What the task requires:
Once you have located the line containing "1010.5 Union St" in the material below, return it exactly along with each line after it through the line containing "ஏ பி பரதன் 60".

Data:
▼

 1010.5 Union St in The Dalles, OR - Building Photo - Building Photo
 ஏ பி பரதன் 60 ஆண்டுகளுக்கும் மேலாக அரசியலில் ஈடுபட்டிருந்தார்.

▲
▼

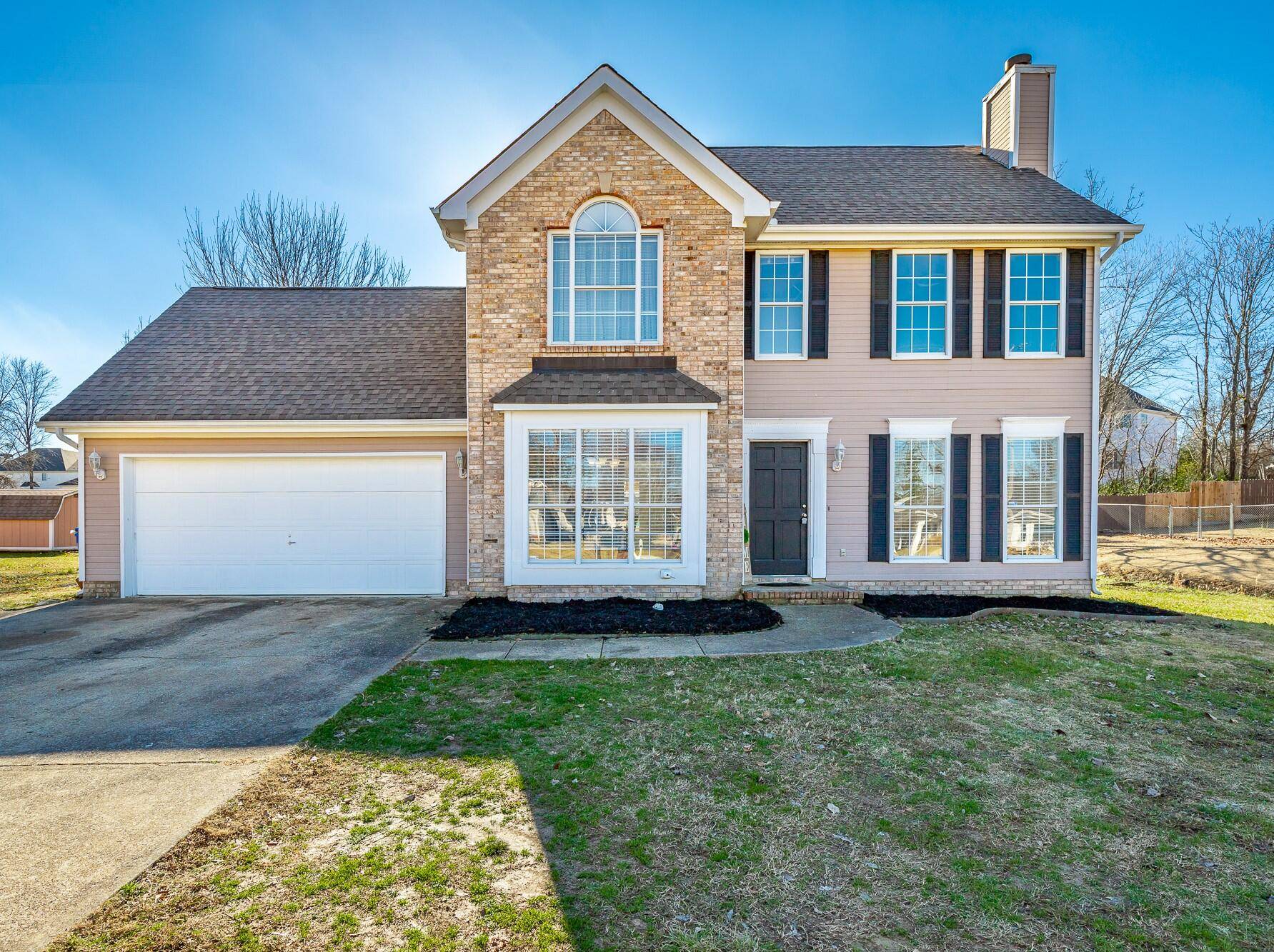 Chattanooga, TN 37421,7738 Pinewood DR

▲

Output:
 1010.5 Union St in The Dalles, OR - Building Photo - Building Photo
 ஏ பி பரதன் 60 ஆண்டுகளுக்கும் மேலாக அரசியலில் ஈடுபட்டிருந்தார்.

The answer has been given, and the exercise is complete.